Thursday, March 28, 2024

Thank A Language Arts Teacher

Carroll ISD is home to some of the most amazing language arts and English teachers in the state of Texas.  The assessment results of CISD’s students have proven this time and again.  The past year was especially challenging for these great teachers as the state has undergone massive changes to curriculum, instruction, and assessment in all areas, but most intensively in the area of language arts.  Some of these changes include implementing a completely revised set of language arts curricular objectives (Texas Essential Knowledge and Skills – TEKS) in August 2009, undergoing a textbook adoption for reading in grades K-12 (Texas Education Agency’s Proclamation 2010) during the 2009-10 school year and another textbook adoption (Proclamation 2011) for handwriting and language arts during the 2010-11 school year, and redesigning the state’s assessment system in grades 3-12 (State of Texas Assessment of Academic Readiness – STAAR).

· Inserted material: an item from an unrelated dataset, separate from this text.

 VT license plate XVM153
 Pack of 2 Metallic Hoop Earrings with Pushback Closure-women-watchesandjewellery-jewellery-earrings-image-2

All of these state-level changes have necessitated major district-level changes in order to ensure that our classrooms reflect the new state standards and that our students are prepared for the new  assessments which will be administered for the first time in the 2011-12 school year. Several parents have commented this year about the increased level of rigor they are seeing in certain areas of language arts.  They are seeing more challenging assessments of skills in grammar and reading than they may have seen when their older children went through these same grades. These changes may be the result of either the change in the state language arts curriculum (TEKS), the change in textbooks used in the district, or the change in instructional methodology that some teachers are making based on updated professional development related to the teaching of reading and writing.

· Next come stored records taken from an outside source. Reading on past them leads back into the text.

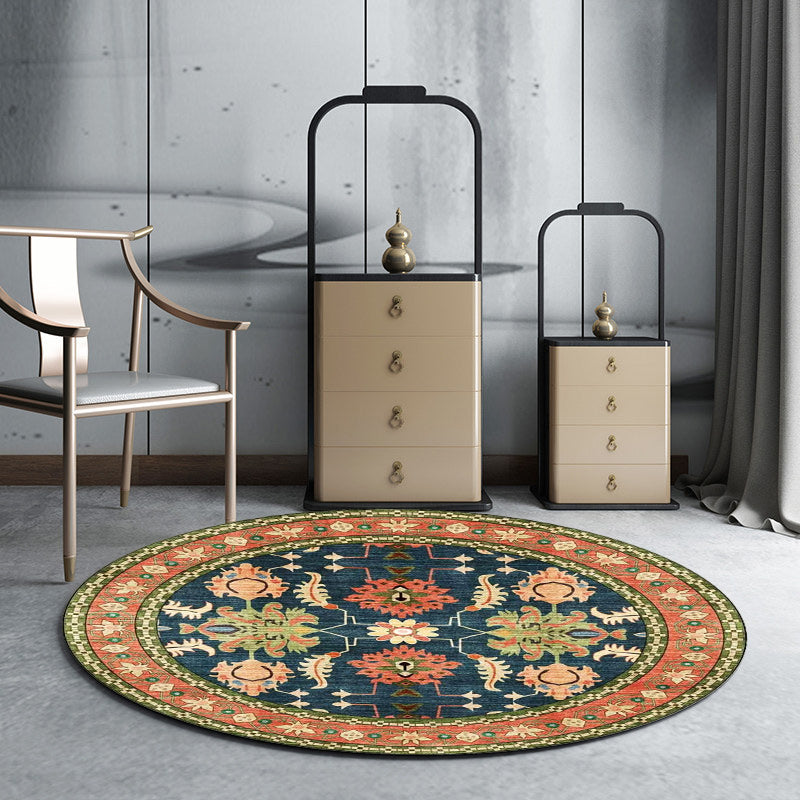 Persian Medallion Pattern Rug with Floral Blue and Green Polyester Rug Machine Washable Non-Slip Area Rug for Bedroom Navy Clearhalo 'Area Rug' 'Moroccan' 'Rugs' Rug' 1623881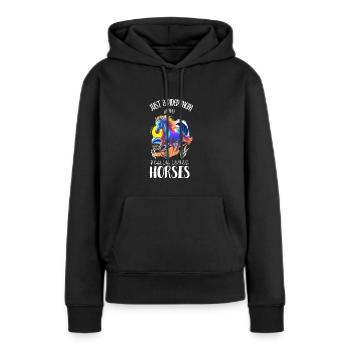 "T-Shirt Maman Cavalière - Amour Équin" - Sweat à capuche Premium bio Femme - noir - Devant - Julia (174cm)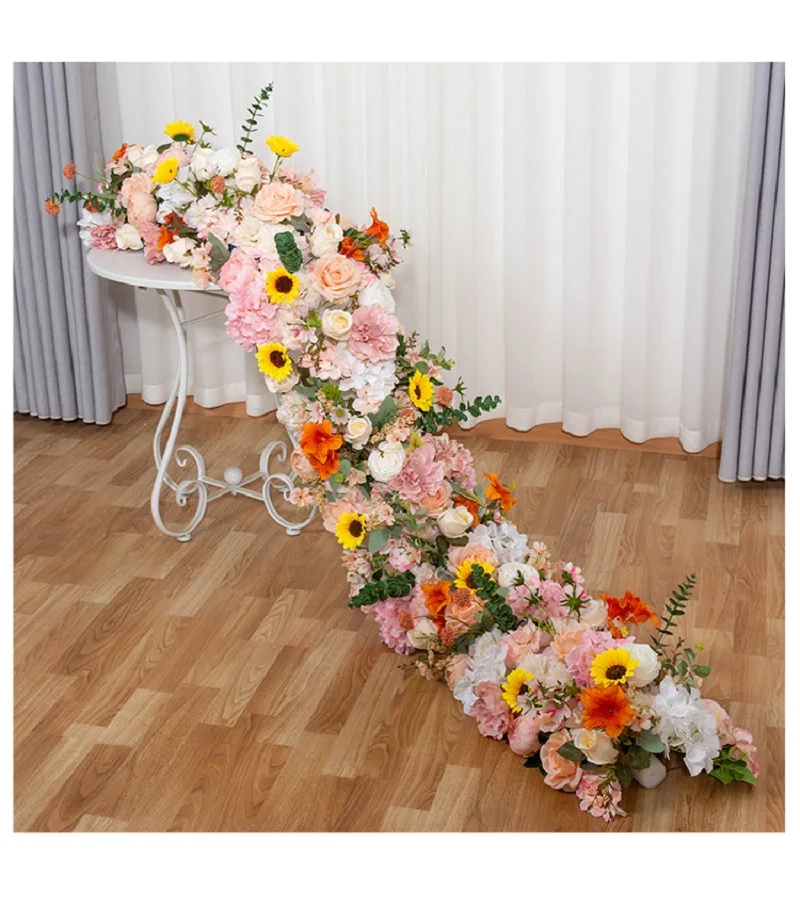 

European wedding background wall arch layout simulated strip flower shopping mall window exhibition hall bed and breakfast decor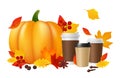 Pumpkin spice latte. Realistic coffee cups pumpkin autumn leaves. Hot autumn drinks vector illustration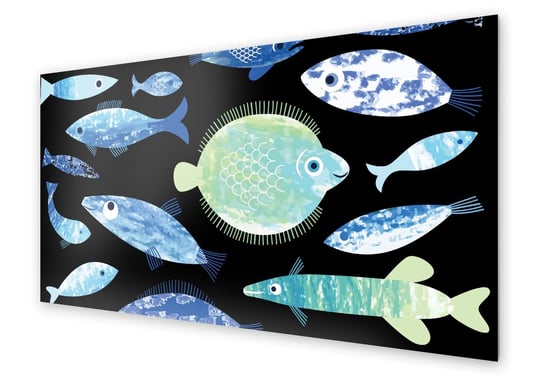 Panel kuchenny HOMEPRINT Dziecięce kolorowe ryby 125x50 cm HOMEPRINT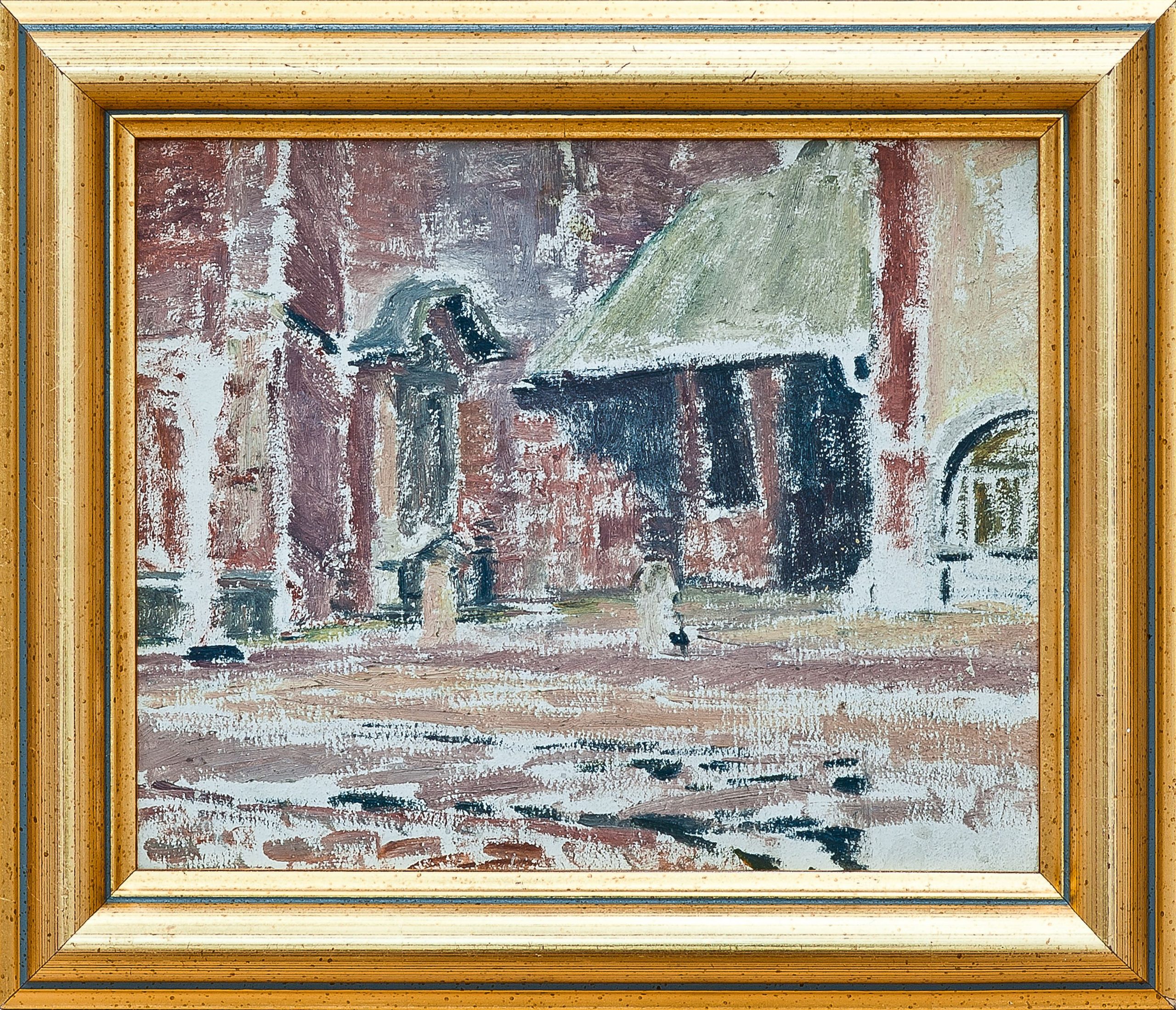 2154 ah autor ignacy pinkas, wejście boczne do kościoła mariackiego, 1934, olej dykta, 22x27, fot. msz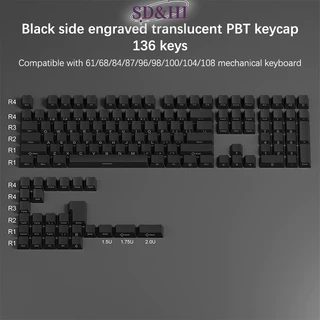 SDHI 136 Chave PBT Lado De Impressão Brilho Th Backlit Keycaps Para Teclado Mecânico MX 61/68/84/87/96/98/100/104/108 (vn)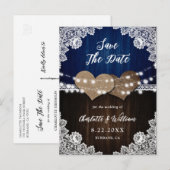 Navy Blue Wood Burlap Wedding Save the Date Aankondigingskaart (Voorkant / Achterkant)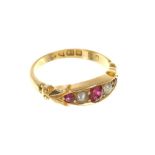 Late Victorian 18ct gold garnet and pearl ring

Overall, teachers have handled all of the new developments with enthusiasm and hard work.  Committees of teachers worked tirelessly during the 2009-10 school year (and summer) to revise CISD’s  curriculum documents (commonly referred to as the “Scope and Sequence” documents).  Many teachers have participated in training presented by the publishers of our new reading and literature textbooks so that they may better understand all of the resources now at their disposal.  Teachers in grades K-4 (and increasingly in grades 5-6) have continued to hone their skills in implementing reading and writing workshop instruction.  This has included training by experts at Columbia Teachers College, participating in study groups, and collaboration in campus-based professional learning communities to develop effective classroom literacy practices.  Additionally, teachers have worked hard this year to both select more new textbooks and prepare for the upcoming transition to the STAAR assessment.

If your favorite language arts teacher looked a bit exhausted at the end of this past school year, now you know why!  The work has been intense, but the payoff in student learning and achievement ought to be worth all of the effort.  Please join me in thanking and applauding the efforts of CISD’s English and language arts teachers!